EXERCISE BRIEF >>
Please set down, word for word, each line from the one containing "Blue Blue the" through the final line of the records below, both included, and nothing else.
__________
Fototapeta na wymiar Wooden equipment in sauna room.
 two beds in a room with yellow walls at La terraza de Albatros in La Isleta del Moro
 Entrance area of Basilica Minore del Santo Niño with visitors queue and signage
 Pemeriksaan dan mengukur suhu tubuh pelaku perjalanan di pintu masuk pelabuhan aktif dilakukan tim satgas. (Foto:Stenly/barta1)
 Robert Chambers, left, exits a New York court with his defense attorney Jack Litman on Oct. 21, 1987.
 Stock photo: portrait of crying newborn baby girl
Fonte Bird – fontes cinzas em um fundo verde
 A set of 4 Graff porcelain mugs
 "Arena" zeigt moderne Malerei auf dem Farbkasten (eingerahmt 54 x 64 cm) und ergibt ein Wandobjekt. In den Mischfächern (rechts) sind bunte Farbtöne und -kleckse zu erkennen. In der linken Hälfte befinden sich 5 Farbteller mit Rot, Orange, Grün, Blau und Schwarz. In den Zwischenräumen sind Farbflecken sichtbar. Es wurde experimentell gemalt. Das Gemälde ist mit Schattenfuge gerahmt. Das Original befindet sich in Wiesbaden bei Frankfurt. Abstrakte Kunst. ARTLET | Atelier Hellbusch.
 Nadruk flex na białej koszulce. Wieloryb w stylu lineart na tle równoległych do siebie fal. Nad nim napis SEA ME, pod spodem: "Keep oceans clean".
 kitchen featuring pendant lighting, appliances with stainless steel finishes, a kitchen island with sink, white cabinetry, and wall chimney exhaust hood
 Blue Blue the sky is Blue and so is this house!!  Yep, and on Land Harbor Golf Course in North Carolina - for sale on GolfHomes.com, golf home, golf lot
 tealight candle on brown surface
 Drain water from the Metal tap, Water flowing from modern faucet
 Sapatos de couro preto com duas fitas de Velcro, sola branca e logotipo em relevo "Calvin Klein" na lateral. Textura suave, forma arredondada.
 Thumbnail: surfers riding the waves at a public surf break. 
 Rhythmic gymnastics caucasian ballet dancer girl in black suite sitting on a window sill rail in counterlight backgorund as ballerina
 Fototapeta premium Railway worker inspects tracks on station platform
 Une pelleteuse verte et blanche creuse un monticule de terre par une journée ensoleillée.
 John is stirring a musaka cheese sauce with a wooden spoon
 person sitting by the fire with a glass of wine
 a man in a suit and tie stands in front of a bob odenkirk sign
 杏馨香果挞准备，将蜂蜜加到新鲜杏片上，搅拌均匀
__________
OUTPUT OF THE EXERCISE >>
 Blue Blue the sky is Blue and so is this house!!  Yep, and on Land Harbor Golf Course in North Carolina - for sale on GolfHomes.com, golf home, golf lot
 tealight candle on brown surface
 Drain water from the Metal tap, Water flowing from modern faucet
 Sapatos de couro preto com duas fitas de Velcro, sola branca e logotipo em relevo "Calvin Klein" na lateral. Textura suave, forma arredondada.
 Thumbnail: surfers riding the waves at a public surf break. 
 Rhythmic gymnastics caucasian ballet dancer girl in black suite sitting on a window sill rail in counterlight backgorund as ballerina
 Fototapeta premium Railway worker inspects tracks on station platform
 Une pelleteuse verte et blanche creuse un monticule de terre par une journée ensoleillée.
 John is stirring a musaka cheese sauce with a wooden spoon
 person sitting by the fire with a glass of wine
 a man in a suit and tie stands in front of a bob odenkirk sign
 杏馨香果挞准备，将蜂蜜加到新鲜杏片上，搅拌均匀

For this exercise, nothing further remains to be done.